Il progetto DISEASES, finanziato dall’UE, sta studiando il modo in cui, in epoca vittoriana, si diagnosticavano, capivano e affrontavano molti dei fenomeni legati allo stress e al sovraccarico, che caratterizzano anche la moderna società globalizzata di oggi. Un’interessante scoperta è stata l’importanza accordata all’epoca alle fobie, in particolare all’ailurofobia – la paura dei gatti.
Le fobie sono una parte normale della vita quotidiana e la maggior parte delle persone ammette di averne almeno una (per chi scrive, gli spazi chiusi e i clown). È stato però solo alla fine del diciannovesimo secolo che la medicina ha rivolto la sua attenzione alle forme di paura irrazionale, come ha scoperto il progetto DISEASES.
La sua ricerca racconta che fu un medico tedesco, Carl Westphal, a fare la diagnosi iniziale di agorafobia (paura degli spazi aperti) nel 1871, dopo aver studiato tre uomini altrimenti sani e razionali che erano però terrorizzati quando dovevano attraversare uno spazio aperto della città. In seguito a questa diagnosi, la nozione che questi individui potevano essere sopraffatti da varie forme di paura inspiegabile fu rapidamente acquisita sia dai medici che dalla cultura popolare dell’epoca.

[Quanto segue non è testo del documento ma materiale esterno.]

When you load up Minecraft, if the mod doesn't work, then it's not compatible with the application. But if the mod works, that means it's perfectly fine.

Lo psicologo americano G. Stanley Hall identificò 136 forme diverse di paura patologica, tutte con un loro nome greco o latino. Tra queste, alcune delle fobie comunemente riconosciute, come l’agorafobia e la claustrofobia, ma anche alcune paure molto vittoriane, come l’amacofobia (paura delle carrozze), la pterofobia (paura delle piume) e l’ipegiafobia (paura della responsabilità).
Una fobia che attirò particolarmente l’attenzione in epoca vittoriana fu l’ailurofobia, ossia la paura dei gatti. Hall, insieme al suo collega Silas Weir Mitchell, ha distribuito formulari e questionari per cercare di capire le varie forme e le potenziali cause di questa paura felina. Mitchell è andato oltre, cercando di verificare se è vero che alcune persone che soffrono di questa fobia sono in grado di percepire se c’è un gatto nella stanza (anche se non possono vederlo o sentirne l’odore).

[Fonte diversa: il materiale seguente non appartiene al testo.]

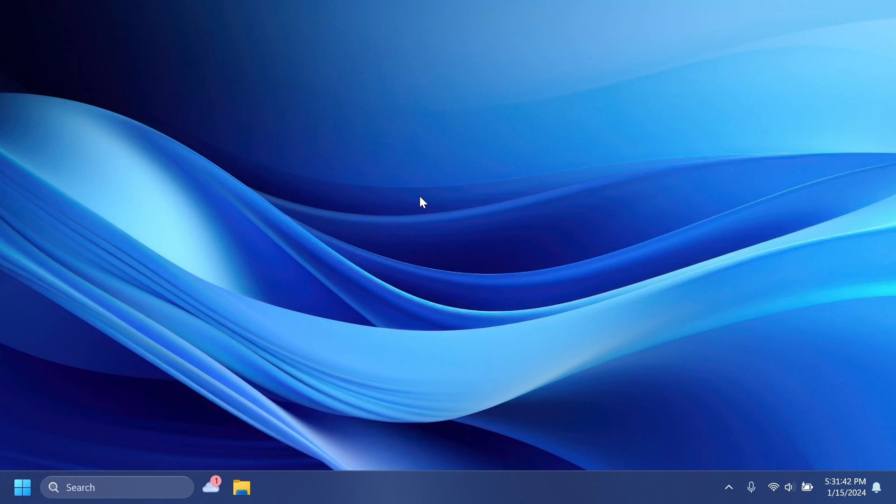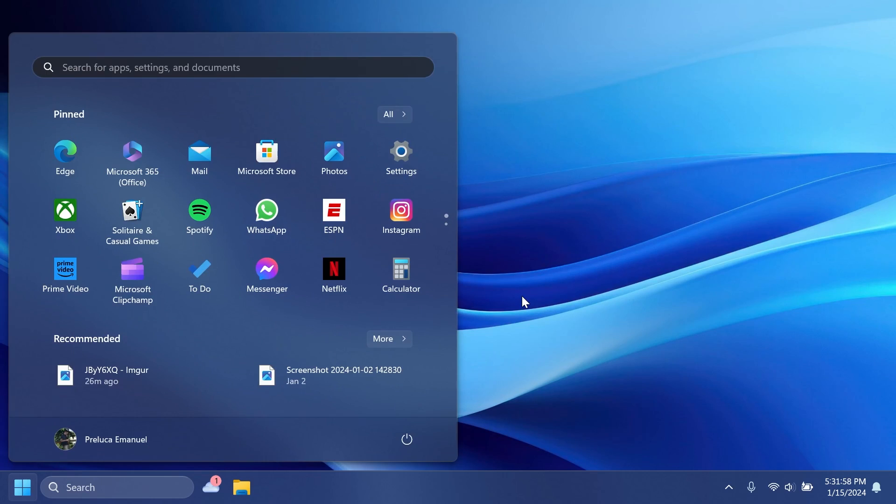This update also addresses an issue that stops search from working on the Start menu for some users. This issue occurs because of a deadlock. This update also makes Windows more reliable during power transitions, which reduces the risk of a stop error.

A questo fine ha fatto degli esperimenti, come per esempio mettere la persona in una stanza dove si nasconde un gatto, per vedere se si accorgevano della presenza dell’animale. Inizialmente scettico, ha cominciato a convincersi che in effetti molti dei suoi pazienti potevano sentire la presenza del gatto. Nel tentativo di spiegare la fobia, ha escluso l’asma e le paure evolutive ereditate (per esempio chi ha paura dei gatti non ha problemi a guardare immagini di leoni, tigri ecc.).

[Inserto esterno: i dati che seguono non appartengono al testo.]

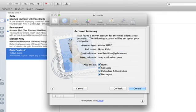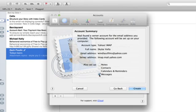It found the mail server. It accepted my password. Now it wants to know if I want to set up notes, contacts, and all that jazz. I don't. So I'm going to uncheck those and click Create.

Alla fine ha suggerito che le emanazioni del gatto “potrebbero colpire il sistema nervoso attraverso la membrana del naso, anche se riconosciute come odori”. È rimasto poi perplesso dal perché i gatti sembrano avere l’impellenza di avvicinarsi quanto più possibile a chi ne ha paura – “i gatti sembrano avere un insolito desiderio di stare vicino a loro [chi soffre di ailurofobia], di saltare loro in grembo o di seguirli”.
Secondo l''equipe del progetto DISEASES, il desiderio vittoriano di stilare una mappa delle paure e delle ansie culturali e psicologiche fu il risultato di una società che si stava industrializzando e che stava cambiando rapidamente, nella quale le nuove teorie scientifiche avevano cominciato a mettere in dubbio le vecchie spiegazioni e gli antichi dogmi religiosi.
Di conseguenza, in un’epoca che ricorda quella vittoriana, in cui le società stanno di nuovo facendo fatica ad adattarsi ai rapidi cambiamenti tecnologici, sociali ed economici, DISEASES si propone di studiare l’esperienza vittoriana per capire meglio e contestualizzare la nostra reazione del ventunesimo secolo alle continue sfide della modernità. Il progetto, coordinato dall’Università di Oxford, si concluderà a gennaio 2019 e ha ricevuto più di 3,5 milioni di euro di finanziamenti dall’UE.